◆ **Information**:
---+---

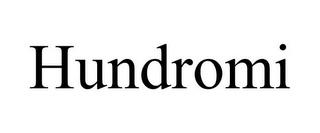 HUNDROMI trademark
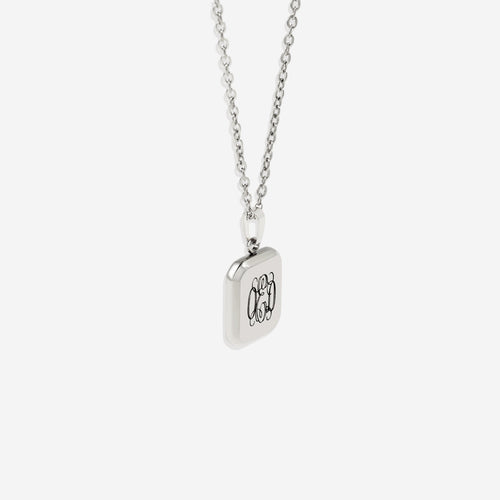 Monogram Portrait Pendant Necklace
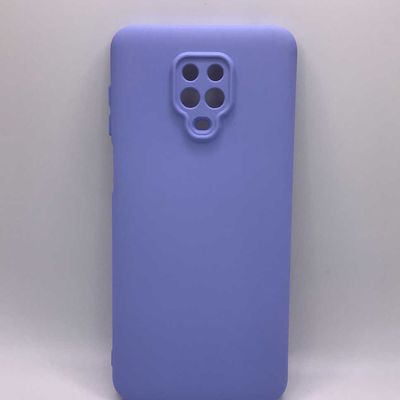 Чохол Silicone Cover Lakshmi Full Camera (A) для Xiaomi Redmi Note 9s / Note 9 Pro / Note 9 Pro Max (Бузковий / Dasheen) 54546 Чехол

---+---

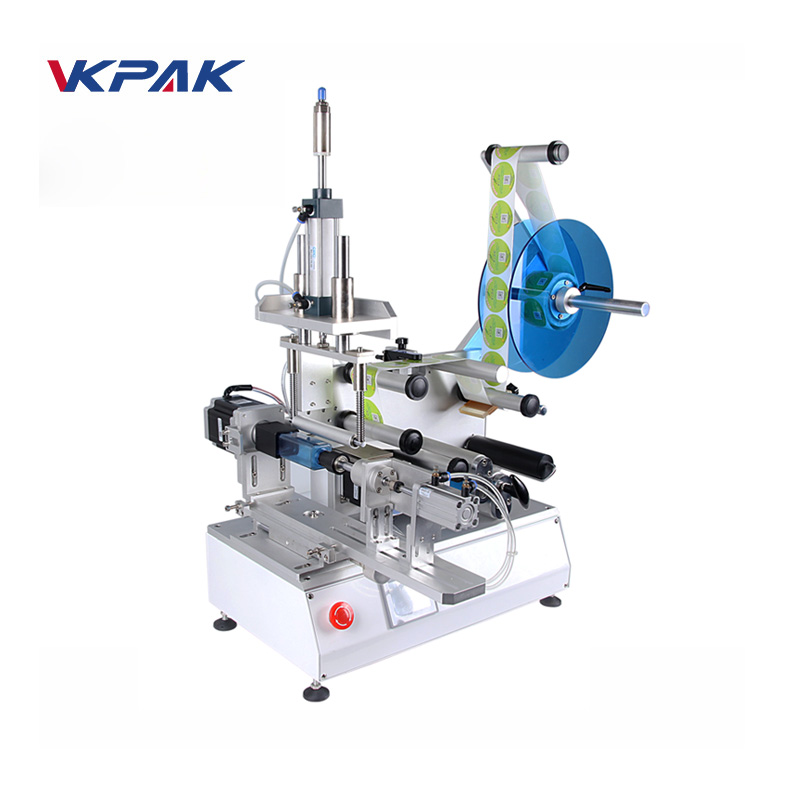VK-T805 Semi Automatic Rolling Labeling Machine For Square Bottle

---+---

The lines above starting at the one that holds "HUNDROMI trademark" and ending at the one that holds "Чохол Silicone Cover" are to be written out exactly, ends included, and no pictures are to be copied.

◆ **Finished task**:
 HUNDROMI trademark
 Monogram Portrait Pendant Necklace
 Чохол Silicone Cover Lakshmi Full Camera (A) для Xiaomi Redmi Note 9s / Note 9 Pro / Note 9 Pro Max (Бузковий / Dasheen) 54546 Чехол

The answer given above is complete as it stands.